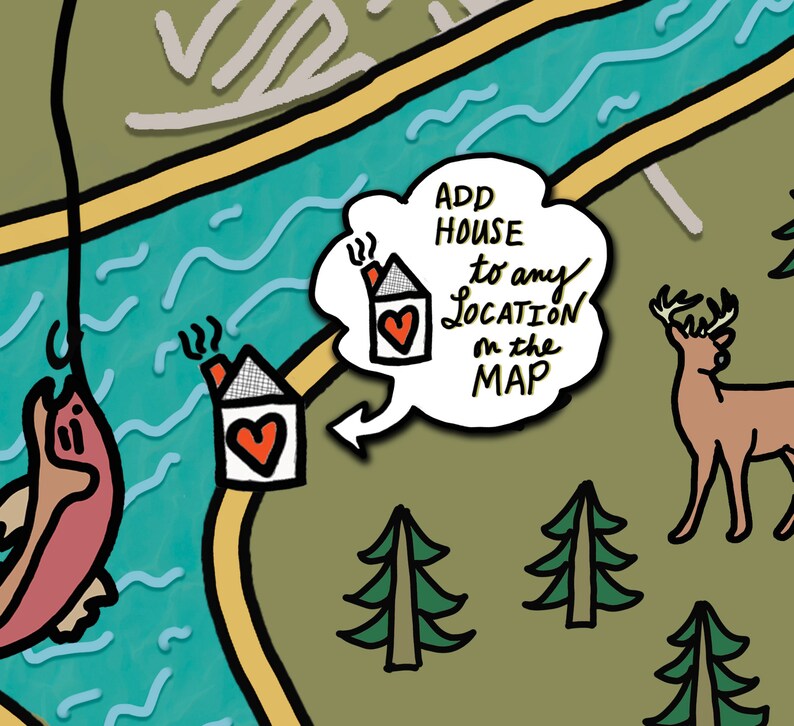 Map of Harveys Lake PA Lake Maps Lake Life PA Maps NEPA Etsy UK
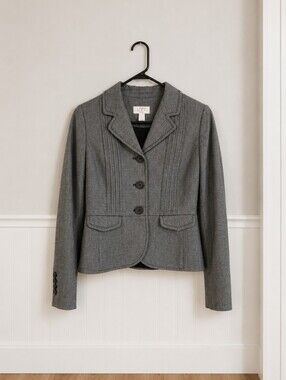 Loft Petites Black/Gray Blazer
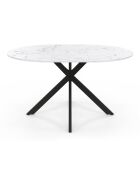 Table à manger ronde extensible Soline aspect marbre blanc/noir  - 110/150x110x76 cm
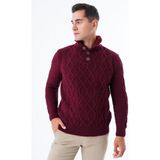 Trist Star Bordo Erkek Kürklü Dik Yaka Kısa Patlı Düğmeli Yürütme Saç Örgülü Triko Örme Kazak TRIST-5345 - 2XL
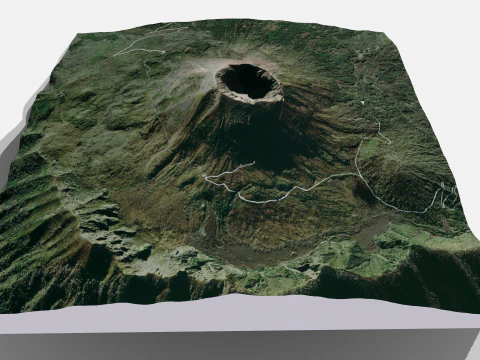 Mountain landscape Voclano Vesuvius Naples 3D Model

------------------------------------------------

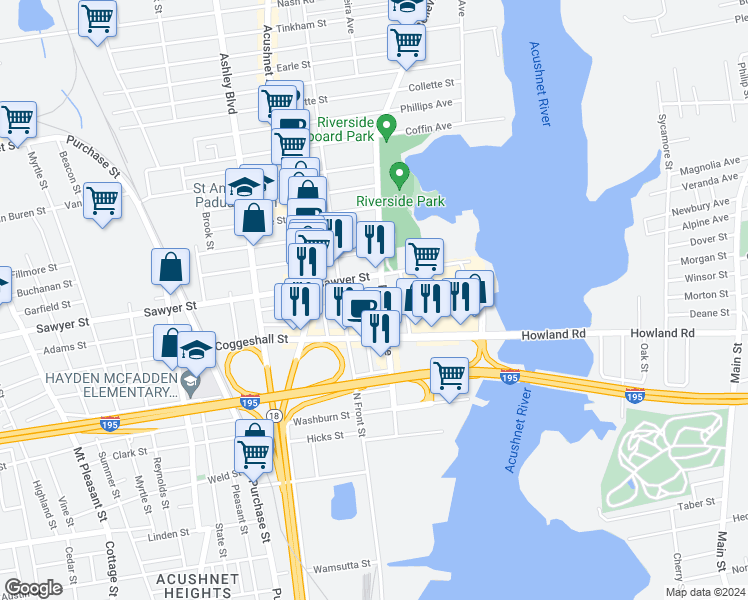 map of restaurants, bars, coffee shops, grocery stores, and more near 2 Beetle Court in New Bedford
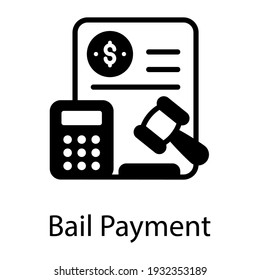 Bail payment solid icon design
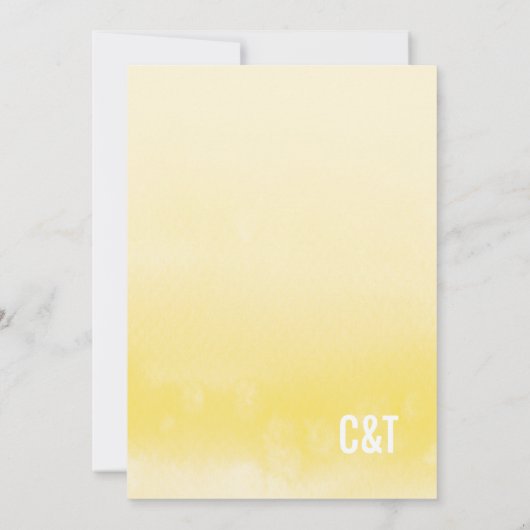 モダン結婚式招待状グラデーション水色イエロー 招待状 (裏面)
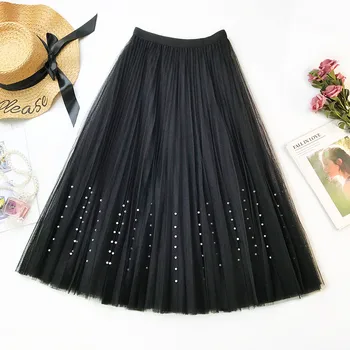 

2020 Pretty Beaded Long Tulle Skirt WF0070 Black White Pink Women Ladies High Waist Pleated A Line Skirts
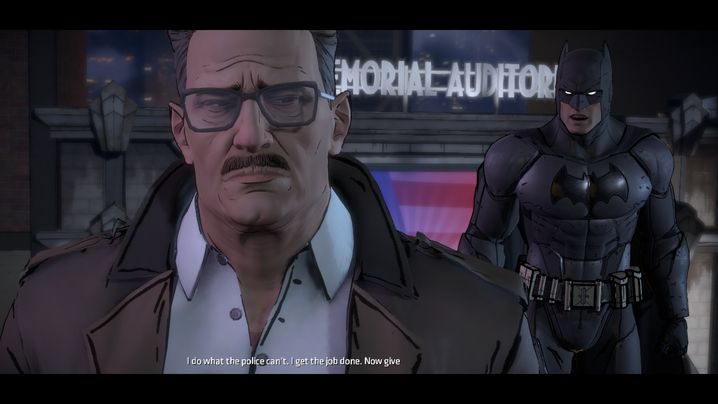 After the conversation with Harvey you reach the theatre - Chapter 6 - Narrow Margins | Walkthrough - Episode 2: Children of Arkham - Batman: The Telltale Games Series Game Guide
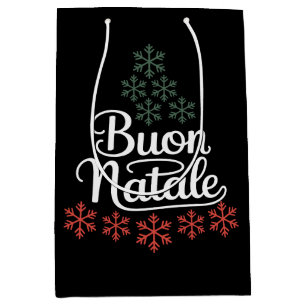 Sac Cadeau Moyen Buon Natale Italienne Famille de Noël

------------------------------------------------

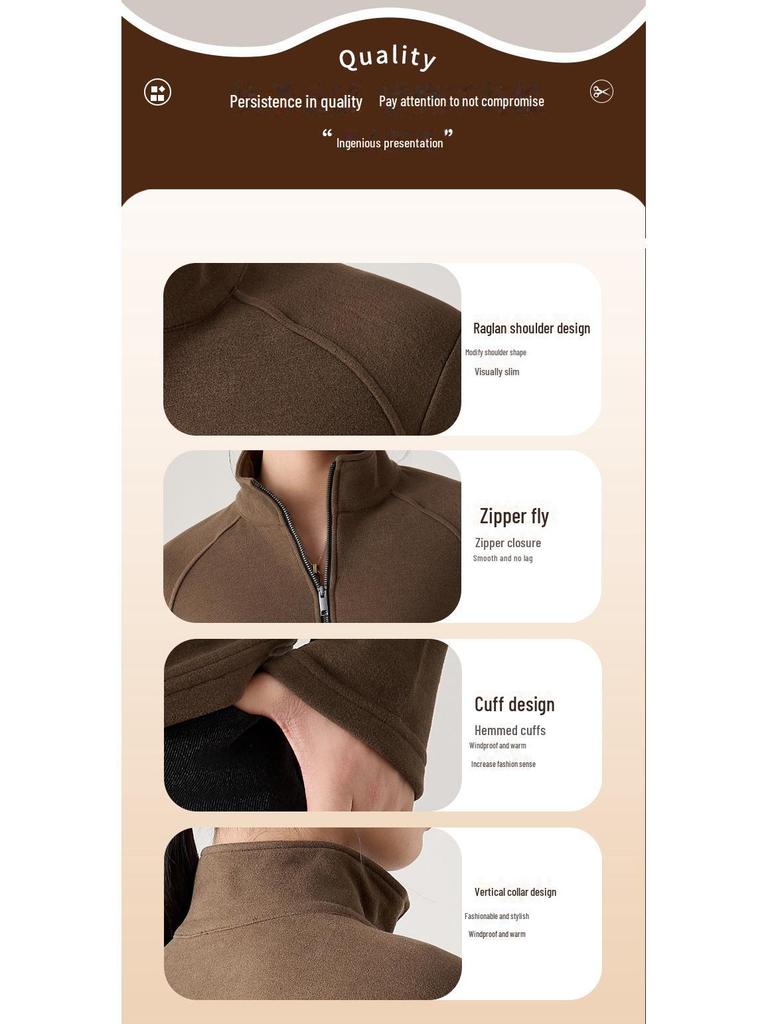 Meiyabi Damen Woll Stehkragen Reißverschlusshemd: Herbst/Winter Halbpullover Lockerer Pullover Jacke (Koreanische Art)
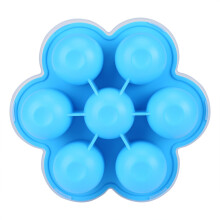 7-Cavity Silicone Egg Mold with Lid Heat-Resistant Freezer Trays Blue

------------------------------------------------

== PROBLEM ==
Set down, exactly as written above, each line from the one with "Trist Star Bordo" through the one with "Mountain landscape Voclano", and skip the pictures.

== RESULT OF THIS EXERCISE ==
 Trist Star Bordo Erkek Kürklü Dik Yaka Kısa Patlı Düğmeli Yürütme Saç Örgülü Triko Örme Kazak TRIST-5345 - 2XL
 Mountain landscape Voclano Vesuvius Naples 3D Model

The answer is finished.